Do Manchester Retail Parks Have A Future?
Consultation has begun for a rethink of its 325K SF scheme at Manchester Fort Shopping Park in Cheetham Hill.
A cinema, a hotel and flexible retail space are promised in the Manchester Fort 2020s Vision — a draft Development Framework that, once adopted formally, will guide future development of the Manchester Fort Shopping Park.
Manchester Fort in Cheetham Hill opened in 2005 and with 36 units it remains the largest shopping park of its kind in Greater Manchester.
The document, drawn up by Turley, envisages further steps away from bulky goods retail and into the more solid territory offered by brands such as Next, H&M, Boots and M&S Food. It will yoke the site to the 15,000 new homes being built as part of the immediate area’s Northern Gateway initiative. Largely dead frontages are to be revived. Halfords and B&Q, the last remnants of bulky goods retail, will provide the space for new thinking as the scheme pivots to a more local, more leisure-oriented focus.
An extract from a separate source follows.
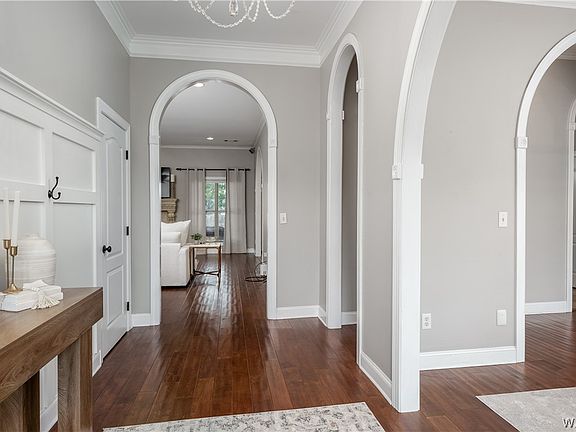 5th image of 9030 Tiffany Way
Nuveen confronts the same dilemma as other owners and investors in retail parks. The last five years has seen a withering of the special kinds of large volume retailers on which they depended: The failures of Maplin Electronics, Toys R Us and Poundworld, each of which took large out-of-town retail park portfolios, has been compounded by trouble at BHS, Debenhams and Marks & Spencer. More woe from the mid-price diners is likely to follow. Even Next, the linchpin of the modern retail park, looks a little less rosy than it did with announcements last week that online sales were racing ahead as in-store takings continued to plunge.
The hope had been that out-of-town retail made for ideal socially distanced shopping, but the news for many retail parks is grim. This week the 199K SF Fiveways centre in Birmingham fell into administration along with two others controlled by Blackstone and Abu Dhabi investors. The mix of closed cinemas, closed casinos, closed gyms and closed bars and restaurants proved too much, and a sale is now pending.
Simultaneously, sniffing a change in the air, RDI REIT offloaded its UK retail parks portfolio for £156.9M, a 3% discount on the book value reported in February 2020 but, in the circumstances, not a bad price. The transaction will be used to pay down approximately £100M of the AUK revolving credit facility with the remainder held in cash to enhance cash and facility headroom.
“While big-box retail — those sprawling megastores that have proliferated in recent decades — has performed well compared to other parts of the sector over this year, investors and developers are looking to conversions in a bid to take advantage of the higher returns and strong rental growth of the logistics sector,” JLL said.